══ MATERIAL PROVIDED

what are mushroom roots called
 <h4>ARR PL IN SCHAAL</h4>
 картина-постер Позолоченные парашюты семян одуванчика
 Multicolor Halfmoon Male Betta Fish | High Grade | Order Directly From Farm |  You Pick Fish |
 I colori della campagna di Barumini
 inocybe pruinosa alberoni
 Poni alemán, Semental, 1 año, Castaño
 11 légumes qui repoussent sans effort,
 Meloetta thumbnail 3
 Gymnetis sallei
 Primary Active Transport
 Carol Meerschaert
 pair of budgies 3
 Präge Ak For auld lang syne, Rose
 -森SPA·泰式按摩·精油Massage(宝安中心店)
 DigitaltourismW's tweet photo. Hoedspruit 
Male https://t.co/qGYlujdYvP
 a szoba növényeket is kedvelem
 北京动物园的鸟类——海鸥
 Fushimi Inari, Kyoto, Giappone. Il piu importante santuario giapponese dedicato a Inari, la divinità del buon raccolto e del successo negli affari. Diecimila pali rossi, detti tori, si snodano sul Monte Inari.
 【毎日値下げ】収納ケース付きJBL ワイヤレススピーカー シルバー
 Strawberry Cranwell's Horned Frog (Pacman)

════

EXERCISE DETAILS ▸ The lines to reproduce run from the line containing "pair of budgies 3" to the end of the listing; write them out exactly and add nothing.

SOLUTION TO THIS EXERCISE ▸
 pair of budgies 3
 Präge Ak For auld lang syne, Rose
 -森SPA·泰式按摩·精油Massage(宝安中心店)
 DigitaltourismW's tweet photo. Hoedspruit 
Male https://t.co/qGYlujdYvP
 a szoba növényeket is kedvelem
 北京动物园的鸟类——海鸥
 Fushimi Inari, Kyoto, Giappone. Il piu importante santuario giapponese dedicato a Inari, la divinità del buon raccolto e del successo negli affari. Diecimila pali rossi, detti tori, si snodano sul Monte Inari.
 【毎日値下げ】収納ケース付きJBL ワイヤレススピーカー シルバー
 Strawberry Cranwell's Horned Frog (Pacman)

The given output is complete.